> _WHAT TO WORK ON_: Give back the line below containing "Photos of the church" and every later line, exactly.

> _THE DATA_:
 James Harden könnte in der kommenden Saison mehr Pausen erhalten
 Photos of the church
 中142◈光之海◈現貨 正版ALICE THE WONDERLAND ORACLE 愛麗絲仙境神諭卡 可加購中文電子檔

> _TASK RESPONSE_:
 Photos of the church
 中142◈光之海◈現貨 正版ALICE THE WONDERLAND ORACLE 愛麗絲仙境神諭卡 可加購中文電子檔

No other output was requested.